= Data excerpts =

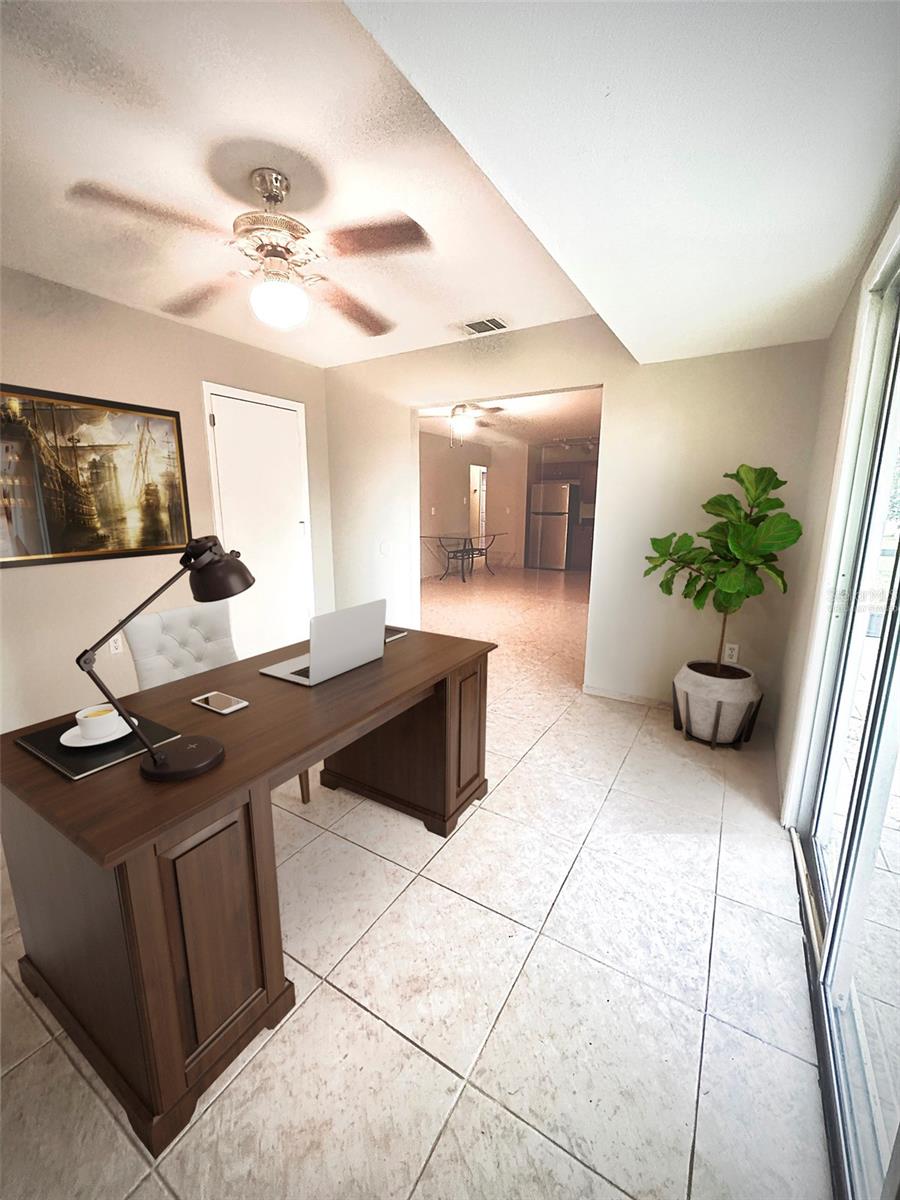 6828 KETONA RD, NORTH PORT, FL, 34287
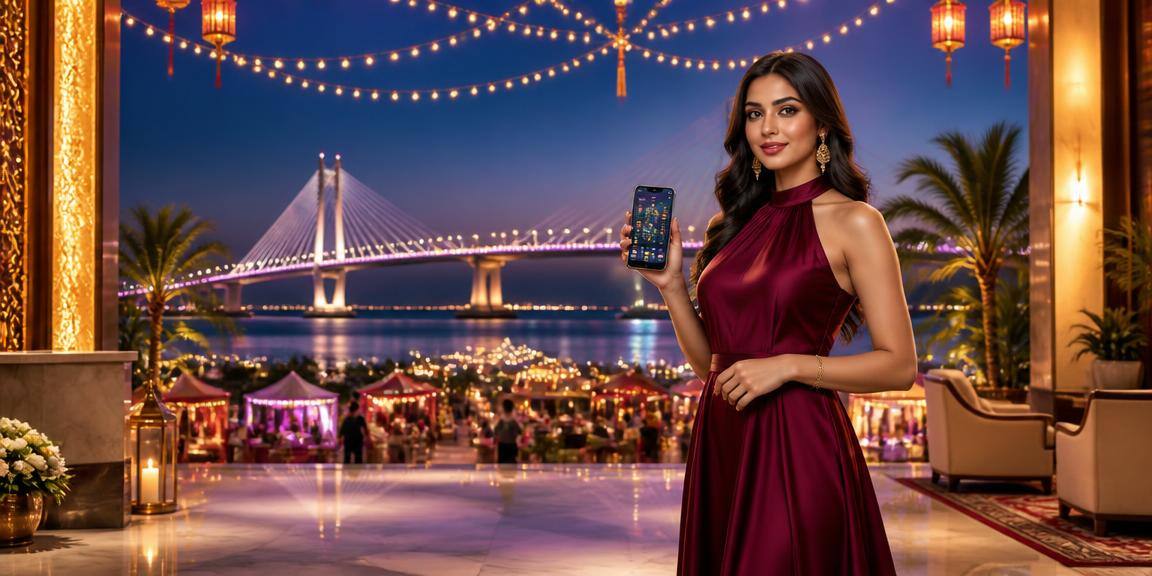 h555bet Live Casino Rooms Built For Pakistan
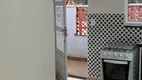 Foto 11 de Kitnet com 1 Quarto para alugar, 25m² em Cidade Universitária, Campinas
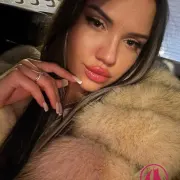 Галерея: проститутка Кэрри, фото 25, 20 лет, Москва, Южное Медведково, черные волосы, 167 см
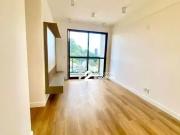 Apartamento para Locação em Santo André/SP Vila Alpina 2...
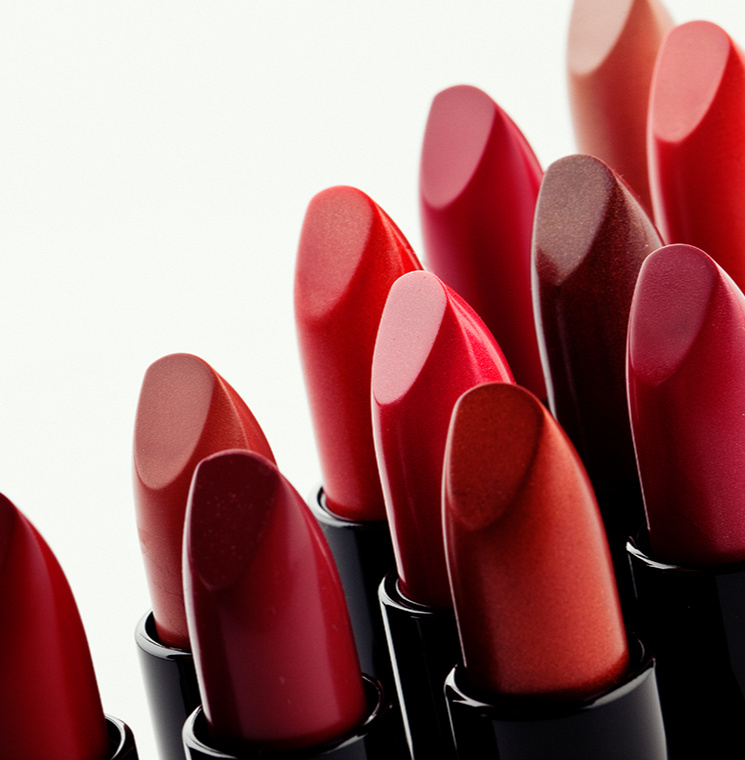 Фото работа-фотограф ВЛАДА КРАСИЛЬНИКОВА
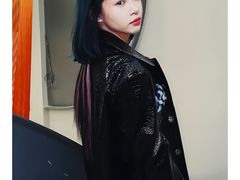 -五缘湾悦都汇购物中心
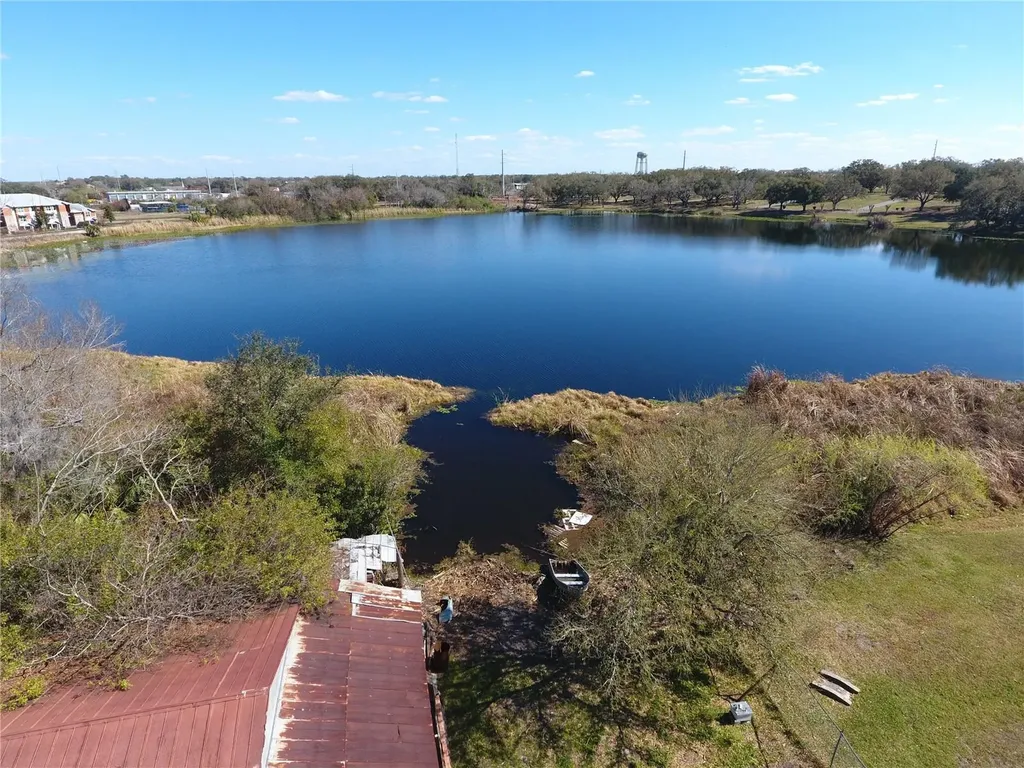 2844 Lake Alfred Road Winter Haven FL 33881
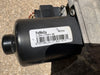 2013-2019 Ford Escape Front Right Passenger Windshield Wiper Motor Assembly OEM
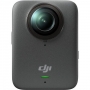 ����-������ DJI Osmo 360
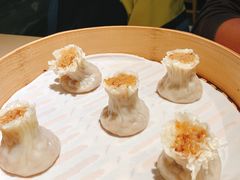 糯米烧卖-鼎泰丰(当代商城店)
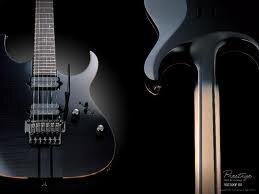 Guitar Lovers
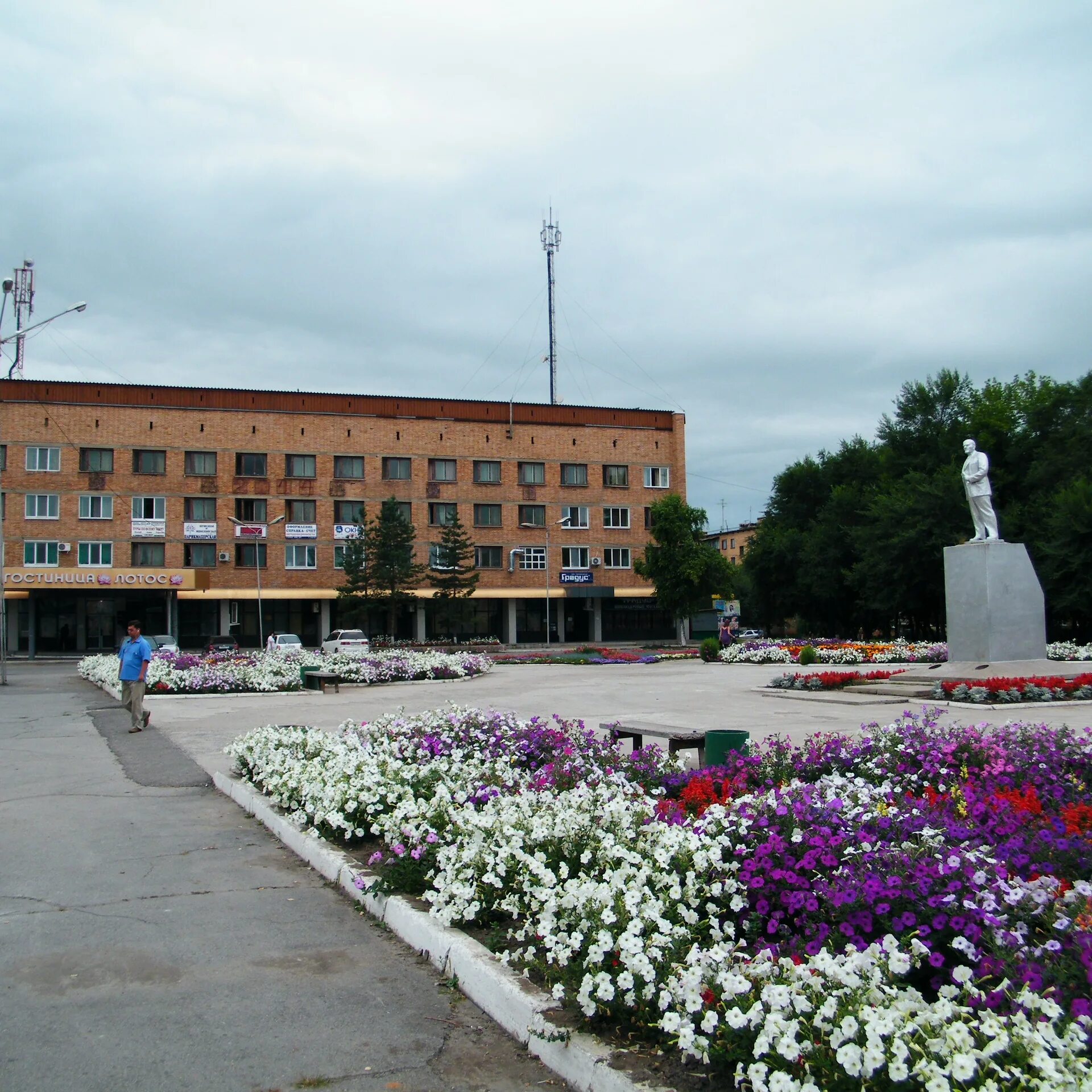 Спасск прим. Спасск-Дальний. Спасск-Дальний Приморский край. Город Спасск Дальний Приморский край. Площадь Спасск -Дальний Приморский край.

= ACTIVITY =
Write the data above out again exactly, minus its pictures.

= RESPONSE TO THIS TASK =
 6828 KETONA RD, NORTH PORT, FL, 34287
 h555bet Live Casino Rooms Built For Pakistan
 Foto 11 de Kitnet com 1 Quarto para alugar, 25m² em Cidade Universitária, Campinas
 Галерея: проститутка Кэрри, фото 25, 20 лет, Москва, Южное Медведково, черные волосы, 167 см
 Apartamento para Locação em Santo André/SP Vila Alpina 2...
 Фото работа-фотограф ВЛАДА КРАСИЛЬНИКОВА
 -五缘湾悦都汇购物中心
 2844 Lake Alfred Road Winter Haven FL 33881
 2013-2019 Ford Escape Front Right Passenger Windshield Wiper Motor Assembly OEM
 ����-������ DJI Osmo 360
 糯米烧卖-鼎泰丰(当代商城店)
 Guitar Lovers
 Спасск прим. Спасск-Дальний. Спасск-Дальний Приморский край. Город Спасск Дальний Приморский край. Площадь Спасск -Дальний Приморский край.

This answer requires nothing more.